Instead, the summit will be marked by notable no-shows: Half the seats reserved for 21 heads of state plus Arafat will be occupied by underlings. In addition to Egypt and the Palestinians, Libya, Iraq, Saudi Arabia, Qatar, Kuwait, the United Arab Emirates, Oman, Sudan and Mauritania are all slated to be represented at a lower level, although in some cases--including Saudi Arabia--that is because of illness.

In an added blow, a senior Jordanian government official said today that King Abdullah II also will not attend. He will be represented by Jordan's prime minister, the official said.

The failure of the Arab leadership to gather in its entirety at the summit serves as a reminder of one uncomfortable reality that the Arab League has struggled to overcome since it was founded in 1945: There is no "Arab world" to speak of, not in political terms.
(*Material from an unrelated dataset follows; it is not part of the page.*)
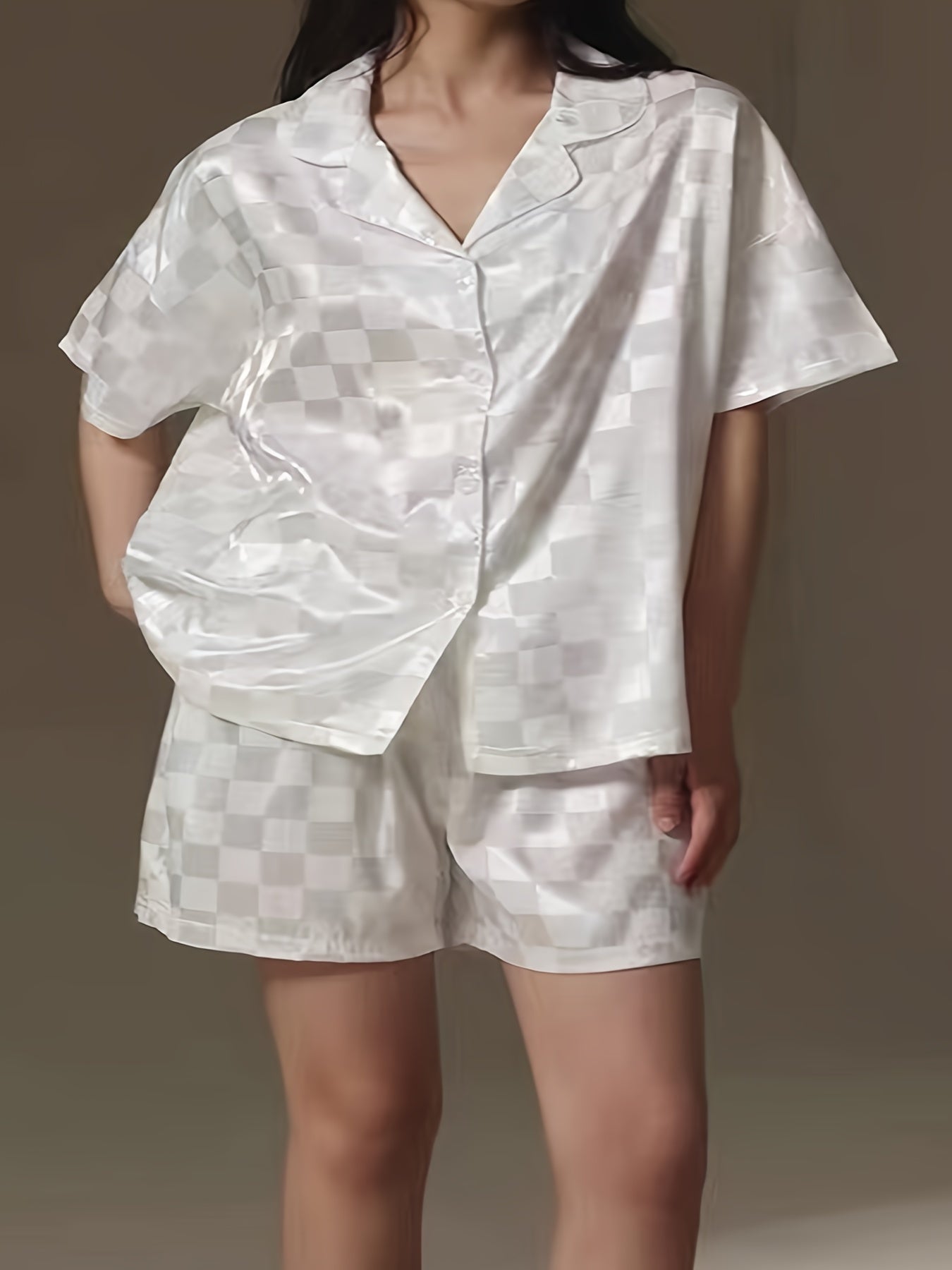 Satin Leopard Print Pajama Set, Women's Plus Loungewear Set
Myriad economic, social, political and religious forces are constantly pulling at the seams of Arab unity.

"Outside of our cultural identity, you have some strategic ties, but it is not a love affair," said Abdel Moneim Said, director of the Al Ahram Center for Political and Strategic Studies, a government-sponsored think tank in Cairo.
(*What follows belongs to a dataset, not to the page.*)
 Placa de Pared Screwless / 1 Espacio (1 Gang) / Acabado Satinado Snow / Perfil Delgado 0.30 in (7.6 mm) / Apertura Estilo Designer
But the Israeli-Palestinian conflict has galvanized the Arab world, and the Saudi peace plan had sparked a degree of optimism in a region weary of bloodshed.

As the leader of the Arab world's most populous nation, one of only two Arab countries--along with Jordan--to have signed a peace treaty with Israel, Mubarak's presence at the summit was considered essential if the Saudi plan was to have credibility.